__Your task__
Without omission or alteration, write out all of the data.

Stored dataset items:
####################

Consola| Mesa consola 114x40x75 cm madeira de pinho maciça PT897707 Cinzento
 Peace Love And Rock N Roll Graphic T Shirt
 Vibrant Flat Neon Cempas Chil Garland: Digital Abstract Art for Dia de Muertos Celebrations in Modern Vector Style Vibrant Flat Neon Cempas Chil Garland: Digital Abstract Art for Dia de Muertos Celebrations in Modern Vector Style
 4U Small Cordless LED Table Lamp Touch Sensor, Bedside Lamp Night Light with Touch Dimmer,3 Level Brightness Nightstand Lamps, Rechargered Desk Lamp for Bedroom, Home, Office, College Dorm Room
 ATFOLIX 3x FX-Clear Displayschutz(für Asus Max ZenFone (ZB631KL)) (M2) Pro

####################

__Answer area__
Consola| Mesa consola 114x40x75 cm madeira de pinho maciça PT897707 Cinzento
 Peace Love And Rock N Roll Graphic T Shirt
 Vibrant Flat Neon Cempas Chil Garland: Digital Abstract Art for Dia de Muertos Celebrations in Modern Vector Style Vibrant Flat Neon Cempas Chil Garland: Digital Abstract Art for Dia de Muertos Celebrations in Modern Vector Style
 4U Small Cordless LED Table Lamp Touch Sensor, Bedside Lamp Night Light with Touch Dimmer,3 Level Brightness Nightstand Lamps, Rechargered Desk Lamp for Bedroom, Home, Office, College Dorm Room
 ATFOLIX 3x FX-Clear Displayschutz(für Asus Max ZenFone (ZB631KL)) (M2) Pro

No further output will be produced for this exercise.